*** Opening INPUT FOR THIS TASK ***
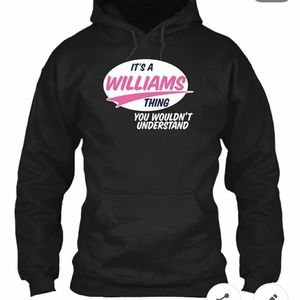 Meet your Posher, Roney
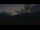 Webcam in Farchant, 16.2 km entfernt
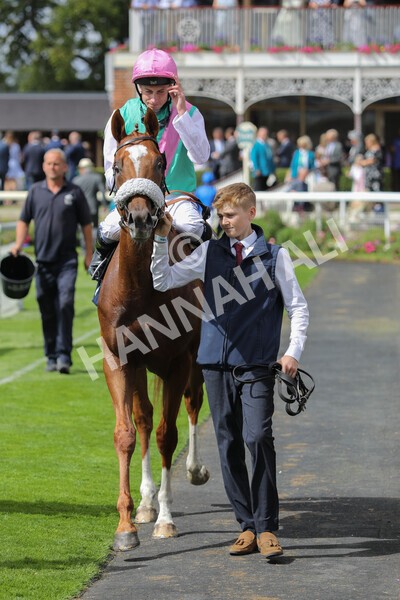 yr17082022r2-56 - Race 2 2.25pm Tattersalls Acomb Stakes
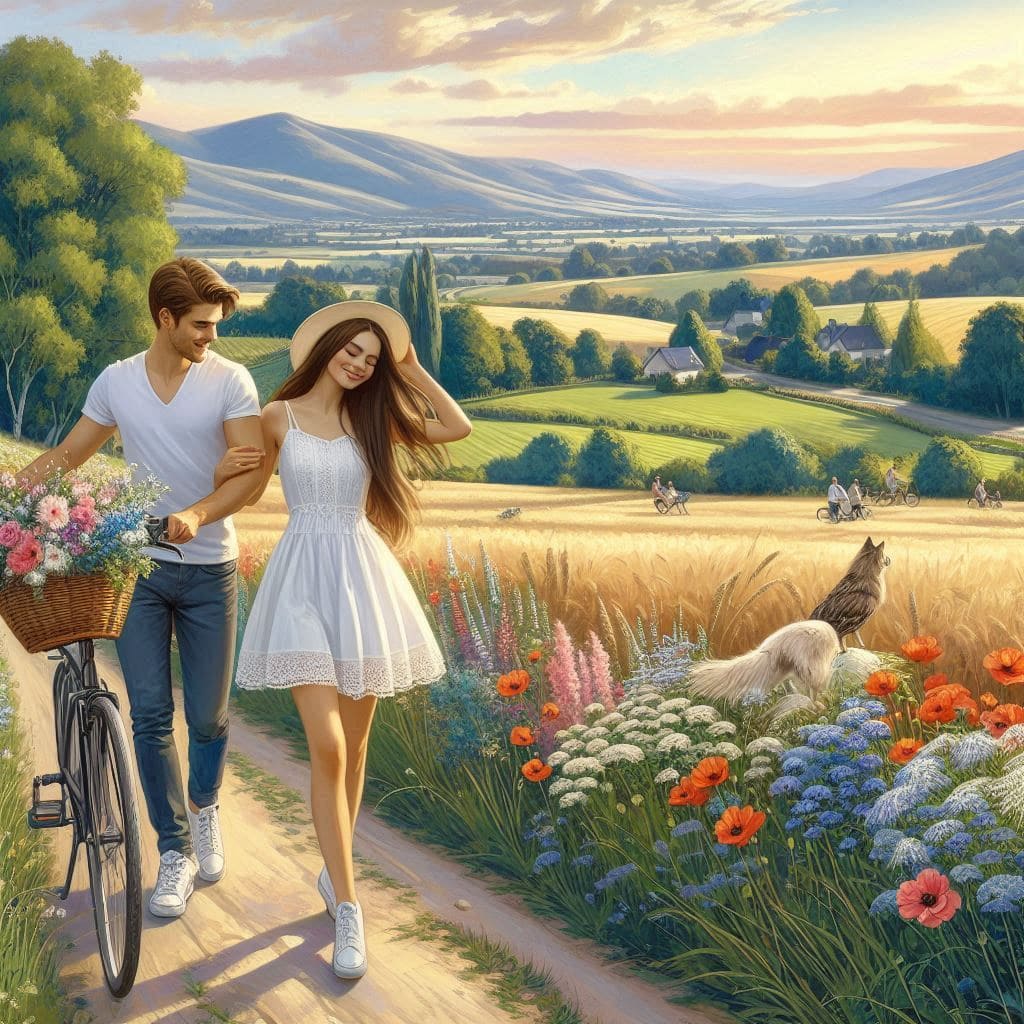whatsapp dp couple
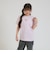 【デイリープライス】ロゴくまちゃん半袖Tシャツ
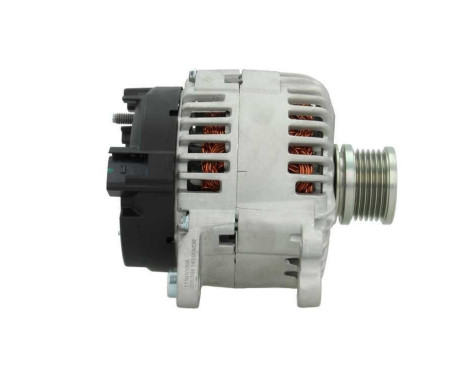 Generator 305.594.140.004 PlusLine, bild 4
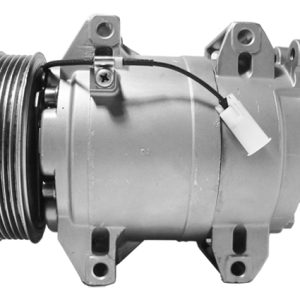 Compresor, aire acondicionado VOLVO 30665339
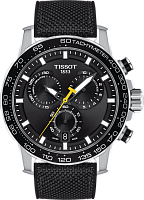 Tissot T125.617.17.051.02 фото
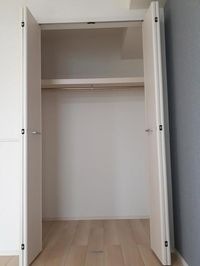 内観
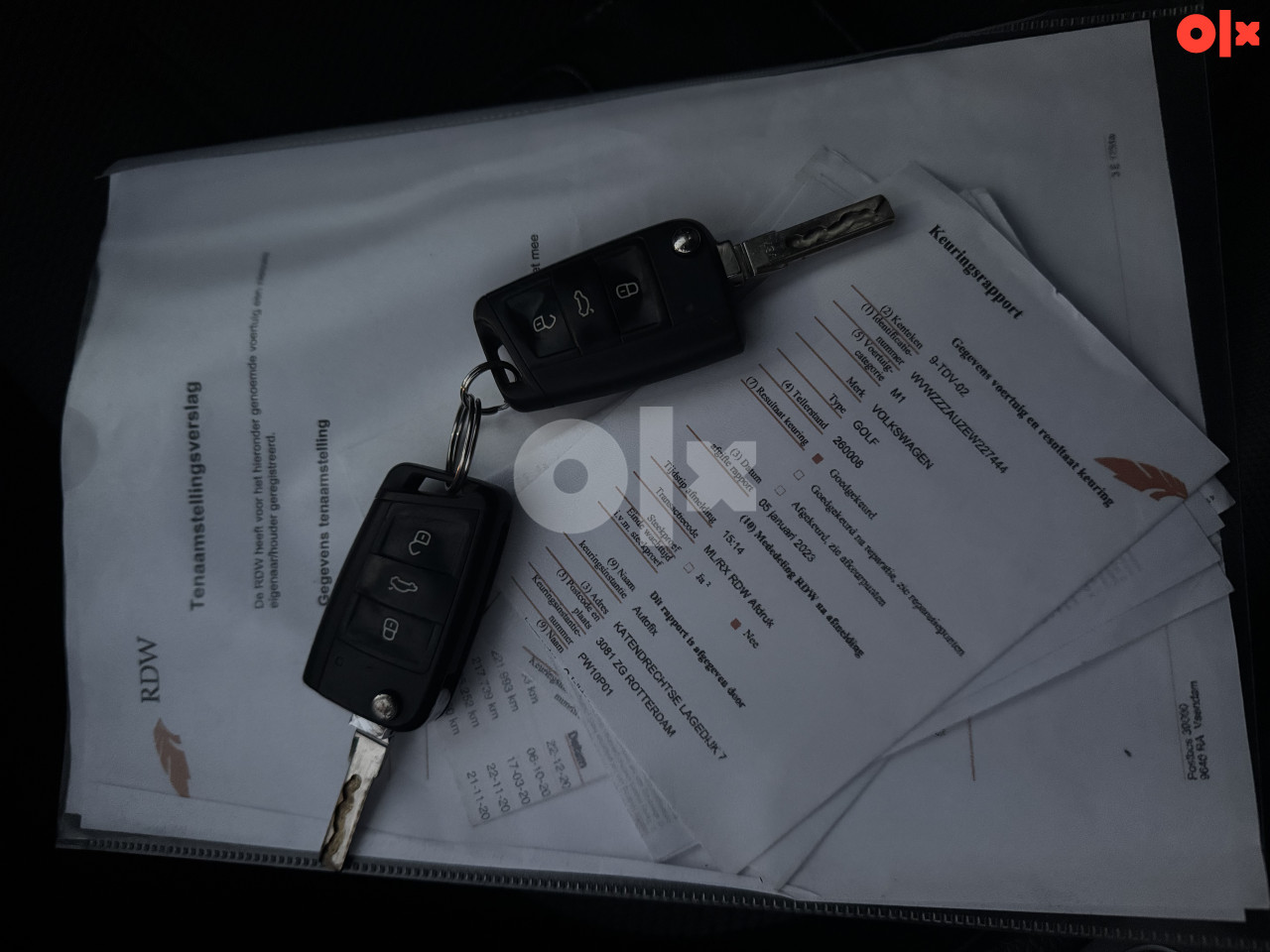 Golf 7 2014 1.6TDI 81kw comfort line AKCIJA extra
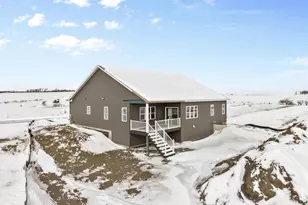 Lot 57 Blarney Stone Dr, Albany, WI 53520 - Photo 6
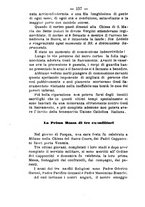 giornale/CUB0707173/1895/unico/00000162
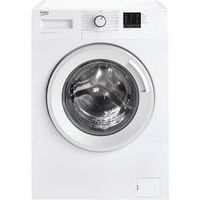 Lave-linge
*** Closing INPUT FOR THIS TASK ***
§ **WORK TASK**:
Please restate word for word the lines above, starting with the line that holds "Compresor, aire acondicionado VOLVO 30665339" and ending with the final line of the records, while leaving out pictures.

§ **YOUR RESPONSE**:
 Compresor, aire acondicionado VOLVO 30665339
 Tissot T125.617.17.051.02 фото
 内観
 Golf 7 2014 1.6TDI 81kw comfort line AKCIJA extra
 Lot 57 Blarney Stone Dr, Albany, WI 53520 - Photo 6
 giornale/CUB0707173/1895/unico/00000162
 Lave-linge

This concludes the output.